[Start of Attachment]

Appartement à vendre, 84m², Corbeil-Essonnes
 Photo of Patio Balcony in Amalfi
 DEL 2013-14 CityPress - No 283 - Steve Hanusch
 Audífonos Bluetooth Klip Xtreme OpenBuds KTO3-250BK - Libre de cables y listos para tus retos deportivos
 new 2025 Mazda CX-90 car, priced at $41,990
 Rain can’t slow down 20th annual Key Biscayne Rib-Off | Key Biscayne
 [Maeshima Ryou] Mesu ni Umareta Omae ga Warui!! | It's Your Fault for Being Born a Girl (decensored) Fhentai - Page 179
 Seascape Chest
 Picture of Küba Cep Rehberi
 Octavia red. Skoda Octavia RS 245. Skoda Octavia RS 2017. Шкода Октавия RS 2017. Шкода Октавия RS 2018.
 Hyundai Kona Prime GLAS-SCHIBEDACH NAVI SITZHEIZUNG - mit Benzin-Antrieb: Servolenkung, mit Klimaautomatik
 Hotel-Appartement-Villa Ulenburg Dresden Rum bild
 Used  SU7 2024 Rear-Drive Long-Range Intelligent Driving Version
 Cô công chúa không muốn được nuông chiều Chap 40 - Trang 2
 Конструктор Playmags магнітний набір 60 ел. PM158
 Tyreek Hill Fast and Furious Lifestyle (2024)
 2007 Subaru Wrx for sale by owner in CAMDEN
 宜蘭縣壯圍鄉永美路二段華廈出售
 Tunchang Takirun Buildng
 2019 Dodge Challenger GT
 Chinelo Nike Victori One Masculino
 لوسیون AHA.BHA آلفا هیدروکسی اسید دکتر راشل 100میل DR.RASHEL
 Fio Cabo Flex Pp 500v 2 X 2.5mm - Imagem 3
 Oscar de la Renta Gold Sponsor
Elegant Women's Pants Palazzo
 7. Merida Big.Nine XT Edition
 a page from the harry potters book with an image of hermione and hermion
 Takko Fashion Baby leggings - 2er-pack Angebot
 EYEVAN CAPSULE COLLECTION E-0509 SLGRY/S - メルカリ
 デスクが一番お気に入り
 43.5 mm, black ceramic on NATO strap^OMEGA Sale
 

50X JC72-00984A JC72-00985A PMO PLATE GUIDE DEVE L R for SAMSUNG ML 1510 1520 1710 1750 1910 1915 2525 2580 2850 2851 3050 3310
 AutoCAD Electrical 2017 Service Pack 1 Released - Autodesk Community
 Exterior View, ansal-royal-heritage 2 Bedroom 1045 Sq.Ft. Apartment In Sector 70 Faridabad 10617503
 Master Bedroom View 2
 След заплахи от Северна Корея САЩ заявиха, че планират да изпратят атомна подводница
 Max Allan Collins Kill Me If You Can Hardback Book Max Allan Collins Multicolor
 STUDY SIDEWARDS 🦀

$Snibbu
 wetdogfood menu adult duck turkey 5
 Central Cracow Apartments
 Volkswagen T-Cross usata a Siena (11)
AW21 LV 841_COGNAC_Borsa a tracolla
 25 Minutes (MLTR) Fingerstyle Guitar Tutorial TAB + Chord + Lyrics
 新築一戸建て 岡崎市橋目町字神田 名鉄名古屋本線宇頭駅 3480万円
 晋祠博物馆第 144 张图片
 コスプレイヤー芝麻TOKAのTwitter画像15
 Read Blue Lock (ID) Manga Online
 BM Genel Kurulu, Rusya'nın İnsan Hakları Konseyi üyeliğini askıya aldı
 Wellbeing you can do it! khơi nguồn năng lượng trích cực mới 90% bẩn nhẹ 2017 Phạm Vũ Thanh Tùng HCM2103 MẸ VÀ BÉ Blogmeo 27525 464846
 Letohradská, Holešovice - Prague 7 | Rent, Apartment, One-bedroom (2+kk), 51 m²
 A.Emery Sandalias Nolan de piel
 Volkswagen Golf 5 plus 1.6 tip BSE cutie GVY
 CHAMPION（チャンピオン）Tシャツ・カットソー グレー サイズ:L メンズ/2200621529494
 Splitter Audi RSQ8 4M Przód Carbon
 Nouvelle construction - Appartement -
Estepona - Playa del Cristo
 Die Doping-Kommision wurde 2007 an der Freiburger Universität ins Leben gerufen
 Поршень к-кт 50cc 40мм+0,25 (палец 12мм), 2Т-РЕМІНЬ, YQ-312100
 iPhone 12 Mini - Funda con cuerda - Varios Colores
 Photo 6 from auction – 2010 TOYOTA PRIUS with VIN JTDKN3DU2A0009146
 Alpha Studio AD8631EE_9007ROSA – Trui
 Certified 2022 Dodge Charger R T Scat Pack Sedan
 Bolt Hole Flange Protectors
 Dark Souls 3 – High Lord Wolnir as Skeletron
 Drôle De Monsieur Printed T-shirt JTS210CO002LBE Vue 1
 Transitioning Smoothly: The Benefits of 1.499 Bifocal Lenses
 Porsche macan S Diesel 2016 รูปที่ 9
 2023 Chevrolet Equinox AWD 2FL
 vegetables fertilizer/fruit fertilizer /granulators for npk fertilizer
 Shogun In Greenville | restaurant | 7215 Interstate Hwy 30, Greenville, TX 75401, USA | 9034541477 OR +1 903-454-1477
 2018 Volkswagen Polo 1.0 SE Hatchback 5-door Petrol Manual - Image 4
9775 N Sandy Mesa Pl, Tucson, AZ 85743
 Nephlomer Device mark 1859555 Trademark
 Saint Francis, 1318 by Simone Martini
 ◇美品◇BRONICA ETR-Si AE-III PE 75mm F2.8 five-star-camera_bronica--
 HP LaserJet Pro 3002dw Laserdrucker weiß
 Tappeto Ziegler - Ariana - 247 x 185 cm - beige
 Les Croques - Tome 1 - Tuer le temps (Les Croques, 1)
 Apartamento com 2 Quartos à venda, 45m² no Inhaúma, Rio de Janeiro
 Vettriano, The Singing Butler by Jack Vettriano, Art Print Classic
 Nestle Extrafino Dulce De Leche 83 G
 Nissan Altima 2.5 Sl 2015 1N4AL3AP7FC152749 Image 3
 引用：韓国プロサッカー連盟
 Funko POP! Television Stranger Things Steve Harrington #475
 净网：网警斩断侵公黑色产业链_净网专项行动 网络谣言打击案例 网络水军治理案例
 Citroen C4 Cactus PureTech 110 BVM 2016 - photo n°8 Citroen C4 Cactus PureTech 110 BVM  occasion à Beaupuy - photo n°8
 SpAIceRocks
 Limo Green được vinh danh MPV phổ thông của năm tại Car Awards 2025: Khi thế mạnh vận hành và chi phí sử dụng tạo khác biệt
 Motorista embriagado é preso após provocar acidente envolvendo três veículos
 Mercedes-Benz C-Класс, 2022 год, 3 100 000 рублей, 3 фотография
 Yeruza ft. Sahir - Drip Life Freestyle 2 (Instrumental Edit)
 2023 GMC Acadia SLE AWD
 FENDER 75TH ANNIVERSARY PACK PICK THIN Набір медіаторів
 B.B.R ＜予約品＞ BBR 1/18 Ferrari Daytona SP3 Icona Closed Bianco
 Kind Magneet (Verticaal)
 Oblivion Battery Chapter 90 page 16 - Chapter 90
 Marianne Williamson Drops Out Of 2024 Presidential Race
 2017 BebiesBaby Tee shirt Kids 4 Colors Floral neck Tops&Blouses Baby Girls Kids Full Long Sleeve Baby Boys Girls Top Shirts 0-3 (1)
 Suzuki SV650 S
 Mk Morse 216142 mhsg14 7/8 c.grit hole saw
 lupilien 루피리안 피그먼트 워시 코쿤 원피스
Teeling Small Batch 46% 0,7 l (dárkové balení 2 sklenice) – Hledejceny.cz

[End of Attachment]

Work required:
Without changing a single word, reproduce the entries above.

The completed task:
Appartement à vendre, 84m², Corbeil-Essonnes
 Photo of Patio Balcony in Amalfi
 DEL 2013-14 CityPress - No 283 - Steve Hanusch
 Audífonos Bluetooth Klip Xtreme OpenBuds KTO3-250BK - Libre de cables y listos para tus retos deportivos
 new 2025 Mazda CX-90 car, priced at $41,990
 Rain can’t slow down 20th annual Key Biscayne Rib-Off | Key Biscayne
 [Maeshima Ryou] Mesu ni Umareta Omae ga Warui!! | It's Your Fault for Being Born a Girl (decensored) Fhentai - Page 179
 Seascape Chest
 Picture of Küba Cep Rehberi
 Octavia red. Skoda Octavia RS 245. Skoda Octavia RS 2017. Шкода Октавия RS 2017. Шкода Октавия RS 2018.
 Hyundai Kona Prime GLAS-SCHIBEDACH NAVI SITZHEIZUNG - mit Benzin-Antrieb: Servolenkung, mit Klimaautomatik
 Hotel-Appartement-Villa Ulenburg Dresden Rum bild
 Used  SU7 2024 Rear-Drive Long-Range Intelligent Driving Version
 Cô công chúa không muốn được nuông chiều Chap 40 - Trang 2
 Конструктор Playmags магнітний набір 60 ел. PM158
 Tyreek Hill Fast and Furious Lifestyle (2024)
 2007 Subaru Wrx for sale by owner in CAMDEN
 宜蘭縣壯圍鄉永美路二段華廈出售
 Tunchang Takirun Buildng
 2019 Dodge Challenger GT
 Chinelo Nike Victori One Masculino
 لوسیون AHA.BHA آلفا هیدروکسی اسید دکتر راشل 100میل DR.RASHEL
 Fio Cabo Flex Pp 500v 2 X 2.5mm - Imagem 3
 Oscar de la Renta Gold Sponsor
Elegant Women's Pants Palazzo
 7. Merida Big.Nine XT Edition
 a page from the harry potters book with an image of hermione and hermion
 Takko Fashion Baby leggings - 2er-pack Angebot
 EYEVAN CAPSULE COLLECTION E-0509 SLGRY/S - メルカリ
 デスクが一番お気に入り
 43.5 mm, black ceramic on NATO strap^OMEGA Sale
 

50X JC72-00984A JC72-00985A PMO PLATE GUIDE DEVE L R for SAMSUNG ML 1510 1520 1710 1750 1910 1915 2525 2580 2850 2851 3050 3310
 AutoCAD Electrical 2017 Service Pack 1 Released - Autodesk Community
 Exterior View, ansal-royal-heritage 2 Bedroom 1045 Sq.Ft. Apartment In Sector 70 Faridabad 10617503
 Master Bedroom View 2
 След заплахи от Северна Корея САЩ заявиха, че планират да изпратят атомна подводница
 Max Allan Collins Kill Me If You Can Hardback Book Max Allan Collins Multicolor
 STUDY SIDEWARDS 🦀

$Snibbu
 wetdogfood menu adult duck turkey 5
 Central Cracow Apartments
 Volkswagen T-Cross usata a Siena (11)
AW21 LV 841_COGNAC_Borsa a tracolla
 25 Minutes (MLTR) Fingerstyle Guitar Tutorial TAB + Chord + Lyrics
 新築一戸建て 岡崎市橋目町字神田 名鉄名古屋本線宇頭駅 3480万円
 晋祠博物馆第 144 张图片
 コスプレイヤー芝麻TOKAのTwitter画像15
 Read Blue Lock (ID) Manga Online
 BM Genel Kurulu, Rusya'nın İnsan Hakları Konseyi üyeliğini askıya aldı
 Wellbeing you can do it! khơi nguồn năng lượng trích cực mới 90% bẩn nhẹ 2017 Phạm Vũ Thanh Tùng HCM2103 MẸ VÀ BÉ Blogmeo 27525 464846
 Letohradská, Holešovice - Prague 7 | Rent, Apartment, One-bedroom (2+kk), 51 m²
 A.Emery Sandalias Nolan de piel
 Volkswagen Golf 5 plus 1.6 tip BSE cutie GVY
 CHAMPION（チャンピオン）Tシャツ・カットソー グレー サイズ:L メンズ/2200621529494
 Splitter Audi RSQ8 4M Przód Carbon
 Nouvelle construction - Appartement -
Estepona - Playa del Cristo
 Die Doping-Kommision wurde 2007 an der Freiburger Universität ins Leben gerufen
 Поршень к-кт 50cc 40мм+0,25 (палец 12мм), 2Т-РЕМІНЬ, YQ-312100
 iPhone 12 Mini - Funda con cuerda - Varios Colores
 Photo 6 from auction – 2010 TOYOTA PRIUS with VIN JTDKN3DU2A0009146
 Alpha Studio AD8631EE_9007ROSA – Trui
 Certified 2022 Dodge Charger R T Scat Pack Sedan
 Bolt Hole Flange Protectors
 Dark Souls 3 – High Lord Wolnir as Skeletron
 Drôle De Monsieur Printed T-shirt JTS210CO002LBE Vue 1
 Transitioning Smoothly: The Benefits of 1.499 Bifocal Lenses
 Porsche macan S Diesel 2016 รูปที่ 9
 2023 Chevrolet Equinox AWD 2FL
 vegetables fertilizer/fruit fertilizer /granulators for npk fertilizer
 Shogun In Greenville | restaurant | 7215 Interstate Hwy 30, Greenville, TX 75401, USA | 9034541477 OR +1 903-454-1477
 2018 Volkswagen Polo 1.0 SE Hatchback 5-door Petrol Manual - Image 4
9775 N Sandy Mesa Pl, Tucson, AZ 85743
 Nephlomer Device mark 1859555 Trademark
 Saint Francis, 1318 by Simone Martini
 ◇美品◇BRONICA ETR-Si AE-III PE 75mm F2.8 five-star-camera_bronica--
 HP LaserJet Pro 3002dw Laserdrucker weiß
 Tappeto Ziegler - Ariana - 247 x 185 cm - beige
 Les Croques - Tome 1 - Tuer le temps (Les Croques, 1)
 Apartamento com 2 Quartos à venda, 45m² no Inhaúma, Rio de Janeiro
 Vettriano, The Singing Butler by Jack Vettriano, Art Print Classic
 Nestle Extrafino Dulce De Leche 83 G
 Nissan Altima 2.5 Sl 2015 1N4AL3AP7FC152749 Image 3
 引用：韓国プロサッカー連盟
 Funko POP! Television Stranger Things Steve Harrington #475
 净网：网警斩断侵公黑色产业链_净网专项行动 网络谣言打击案例 网络水军治理案例
 Citroen C4 Cactus PureTech 110 BVM 2016 - photo n°8 Citroen C4 Cactus PureTech 110 BVM  occasion à Beaupuy - photo n°8
 SpAIceRocks
 Limo Green được vinh danh MPV phổ thông của năm tại Car Awards 2025: Khi thế mạnh vận hành và chi phí sử dụng tạo khác biệt
 Motorista embriagado é preso após provocar acidente envolvendo três veículos
 Mercedes-Benz C-Класс, 2022 год, 3 100 000 рублей, 3 фотография
 Yeruza ft. Sahir - Drip Life Freestyle 2 (Instrumental Edit)
 2023 GMC Acadia SLE AWD
 FENDER 75TH ANNIVERSARY PACK PICK THIN Набір медіаторів
 B.B.R ＜予約品＞ BBR 1/18 Ferrari Daytona SP3 Icona Closed Bianco
 Kind Magneet (Verticaal)
 Oblivion Battery Chapter 90 page 16 - Chapter 90
 Marianne Williamson Drops Out Of 2024 Presidential Race
 2017 BebiesBaby Tee shirt Kids 4 Colors Floral neck Tops&Blouses Baby Girls Kids Full Long Sleeve Baby Boys Girls Top Shirts 0-3 (1)
 Suzuki SV650 S
 Mk Morse 216142 mhsg14 7/8 c.grit hole saw
 lupilien 루피리안 피그먼트 워시 코쿤 원피스
Teeling Small Batch 46% 0,7 l (dárkové balení 2 sklenice) – Hledejceny.cz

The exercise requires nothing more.